# Raleigh Super Lenton age 1956?



## Nuts and Bolts (Feb 4, 2022)

Is this right for the number stamped top seat tube. Thanks in advance!


----------



## juvela (Feb 4, 2022)

-----

in case you have not as yet found it there is a wonderful resource here -






						The Headbadge: A Vintage Bicycle Resource
					

The Headbadge is a data and information source for vintage lightweight roadbikes, such as the Schwinn Paramount, and English 3-speeds. We host the most extensive Raleigh Sports and Raleigh serial database available on the internet. Try our all-new, online vintage bicycle Appraisal Services.




					www.theheadbadge.com
				





-----


----------



## Nuts and Bolts (Feb 5, 2022)

juvela said:


> -----
> 
> in case you have not as yet found it there is a wonderful resource here -
> 
> ...



Thanks for the link, I'm still trying to figure it out. I read on an older post that the paint scheme is from the early 60's but parts look older, Brooks B72 saddle, Campagnolo Gran Sport derailleur, rear hub looks like a date stamp of 1953?


----------



## juvela (Feb 5, 2022)

-----

thanks very much for these good images

they should help readers to help you

the seven year difference in date markings on the hubs suggests that one or the other is a replacement

are the wheel rims a match for each other?
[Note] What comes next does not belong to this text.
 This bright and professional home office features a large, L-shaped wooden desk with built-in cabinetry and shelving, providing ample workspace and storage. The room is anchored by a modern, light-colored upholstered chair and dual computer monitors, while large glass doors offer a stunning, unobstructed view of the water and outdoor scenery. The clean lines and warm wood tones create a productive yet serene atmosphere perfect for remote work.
sometimes the cantles of Brooks saddles are marked with a date but none here unfortunately

there are several generations of Campagnolo Gran Sport rear gear mechs

you could compare the one on the cycle to the ones shown at velobase.com in order to bracket the dating - assuming of course that the mech is original to the cycle...



			VeloBase.com - Component Listing
		


the gear block appears to be a four speed - is it a Cyclo perchance?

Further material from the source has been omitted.